Les hommes du Fos reviennent de Tessalit, en pays touareg plus au Nord. “Là, c’est beaucoup plus dur” dit l’un d’eux. “Les gens ont peur. Ils nous disaient: +on est regardés, on ne peux pas parler. Vous les Français vous allez partir et nous on reste là+. Mais malgré çà nous avons trouvé beaucoup de choses”.

La prochaine cible du détachement, dans le même quartier, est un secteur où les égouts, ailleurs à ciel ouvert, sont couverts par des plaques de béton. Idéal pour des planques. L’un des sapeurs descend à l’intérieur du boyau, sale mais sec en cette saison, avance, binette de jardin dans une main, lampe électrique géante dans l’autre. Comme il progresse un camarade déroule une corde, ligne de vie attachée à sa ceinture pour pouvoir le tracter en arrière en cas de problème. Rien.

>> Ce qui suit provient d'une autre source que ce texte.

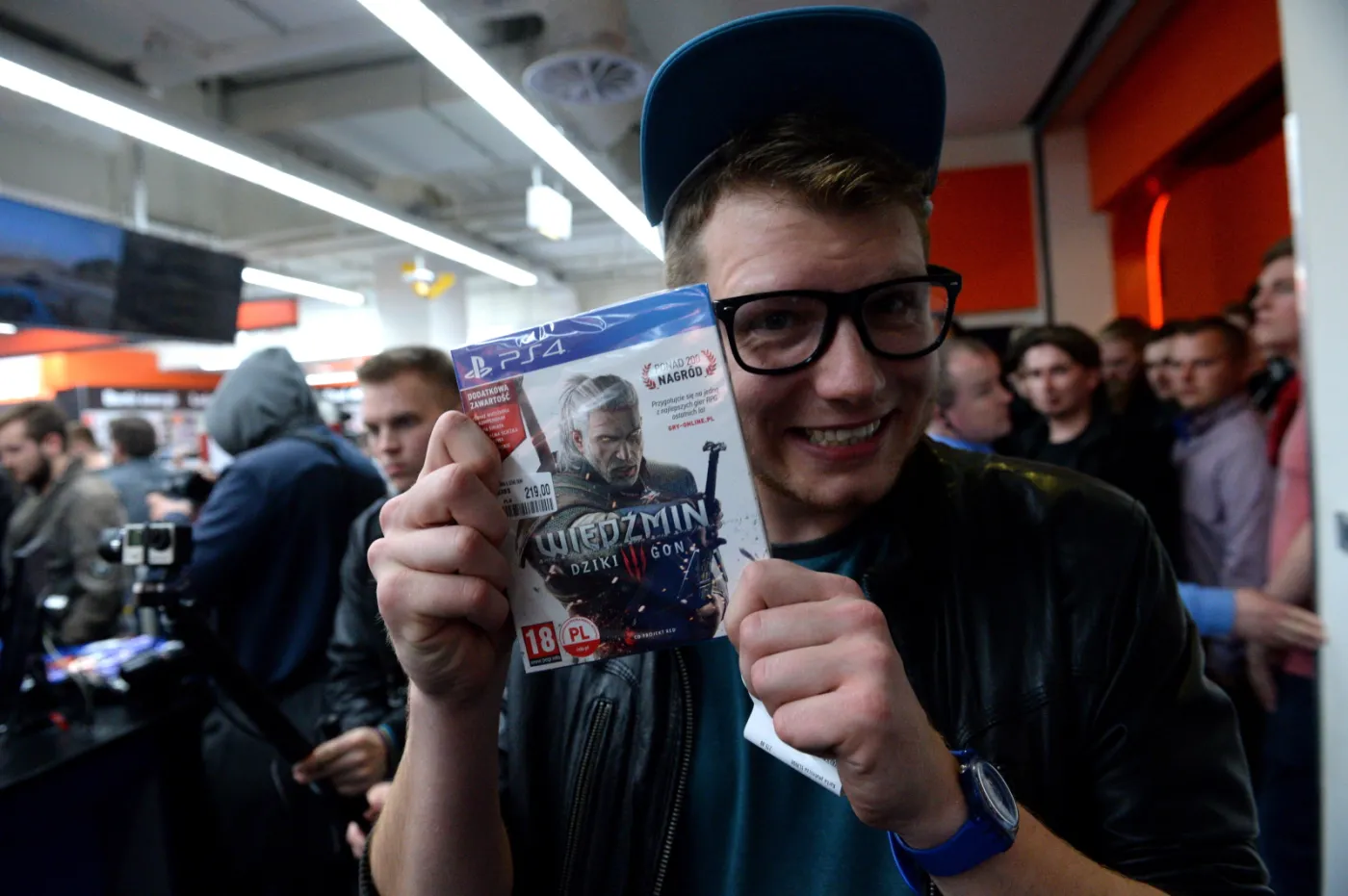 2184461-ruszyla-sprzedaz-gry-wiedzmin.jpg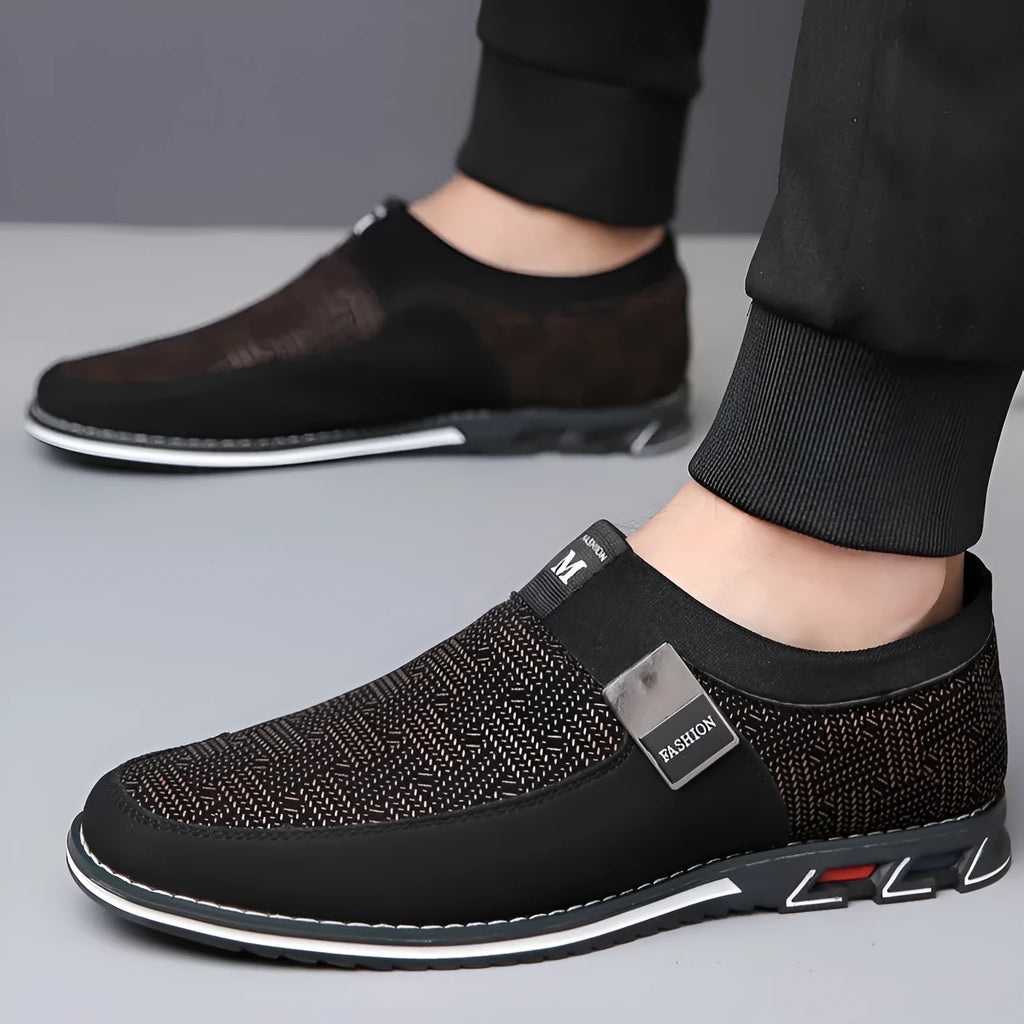 Men's low-top casual slip-on shoes in synthetic leather with square toe and rubber sole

Des habitants ont évoqué la grande enceinte dans laquelle un transporteur routier gare ses camions, qui aurait abrité des jihadistes.

Précédés par deux gendarmes maliens, sans lesquels les soldats français n’ont pas le droit de pénétrer dans des habitations, ils arrivent devant. “Nous allons fouiller l’ensemble, comme pour un +compound+” dit à ses hommes l’adjudant Christophe, évoquant l’Afghanistan d’où ils reviennent et où le concept de Fos a été créé dans l’armée française, sur un modèle mis au point par l’armée anglaise en Irlande.

A l’intérieur, une petite fille est seule avec de tout jeunes enfants, qui pleurent à la vue de blancs armés et que l’on rassure avec des biscuits en attendant l’arrivée du gardien qui vient au pas de course.

Il apporte les clefs des cadenas fermant les deux petites pièces, autorise la fouille des camions et des remises. L’adjudant Christophe a repéré un endroit où le sol semble retourné. Un coup de détecteur de métaux, qui repère n’importe quelle sorte de métal jusqu’à trente centimètres de profondeur, les dissuade de creuser.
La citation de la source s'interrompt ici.